Jadi Polemik, Warisan Budaya Dunia Subak Jatiluwih Diusulkan Dicabut?
Petaninya di Tabanan Bali apa kabar ya?
Follow IDN Times untuk mendapatkan informasi terkini. Klik untuk follow WhatsApp Channel & Google News
Tabanan, IDN Times – Kita tahu, bahwa sawah-sawah di Bali menyajikan lanskap yang sangat menarik. Seperti bentuknya yang berundak atau terasering, pedesaan, ada pura, dan sistem pengairan sawahnya (Irigasi) yang masih tradisional. Sistem ini diatur oleh organisasi masyarakat petani bernama subak. Karena itulah United Nations of Educational, Scientific, and Cultural Organization (UNESCO) menetapkan subak sebagai Warisan Budaya Dunia (WBD) pada tahun 2012 di Saint Petersburg, Rusia.
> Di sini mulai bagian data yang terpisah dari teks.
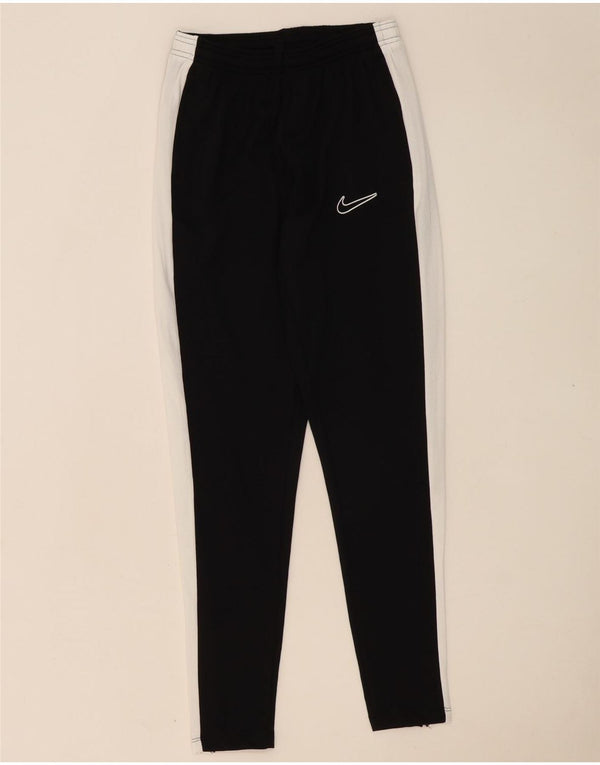 Nike Womens Dri Fit Tracksuit Trousers UK 6 XS Black Colourblock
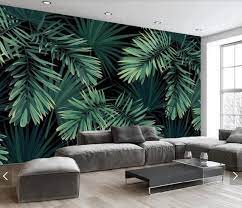 Jungle Palm Leaves Wallpaper Murals Tropical Leaves Wall Mural 3d Printed Wall Art Decals Photo Wall Palm Leaf Wallpaper Leaf Wallpaper Mural Wallpaper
Tapi kini, ada wacana usulan untuk mencabut status WBD tersebut. Hal ini membuat gerah Pemerintah Kabupaten (Pemkab) Tabanan. Kepala Dinas Kebudayaan Tabanan, I Gusti Ngurah Supanji, melakukan pertemuan langsung dengan masyarakat Jatiluwih untuk membahas hal itu.
1. WBD bukan hanya untuk Subak Jatiluwih saja
Kepala Dinas Kebudayaan Tabanan, I Gusti Ngurah Supanji, menyebutkan WBD bukan hanya untuk kawasan Subak Jatiluwih saja, tetapi juga sistem subak yang berada di sembilan desa dinas dan 11 desa adat sekitar kawasan Gunung Batukaru, Kecamatan Penebel.
“Total luasnya sekitar 17.663 hektare,” katanya.
Supanji menyayangkan sikap dari Guru Besar Universitas Udayana, Prof I Wayan Windia, yang mengatakan akan mengusulkan untuk mencabut status WBD di Jatiluwih.
“Kami tidak terima dengan apa yang disampaikan itu. Harusnya ada dialog dengan kami di Pemkab Tabanan,” ujarnya.
Pemkab Tabanan selama ini, menurut Supanji, telah menjalankan filosofi Tri Hita Karana dalam pengelolaan subak, khususnya di kawasan WBD Jatiluwih. Mulai dari mendak toya, mulang pekelem, memelihara hubungan antar manusia dan lingkungannya.
Selain itu, Supanji menyebut tidak pernah ada komunikasi antara pihaknya dengan Prof I Wayan Windia. “Jika ada dialog kami bisa berbenah,” ungkapnya.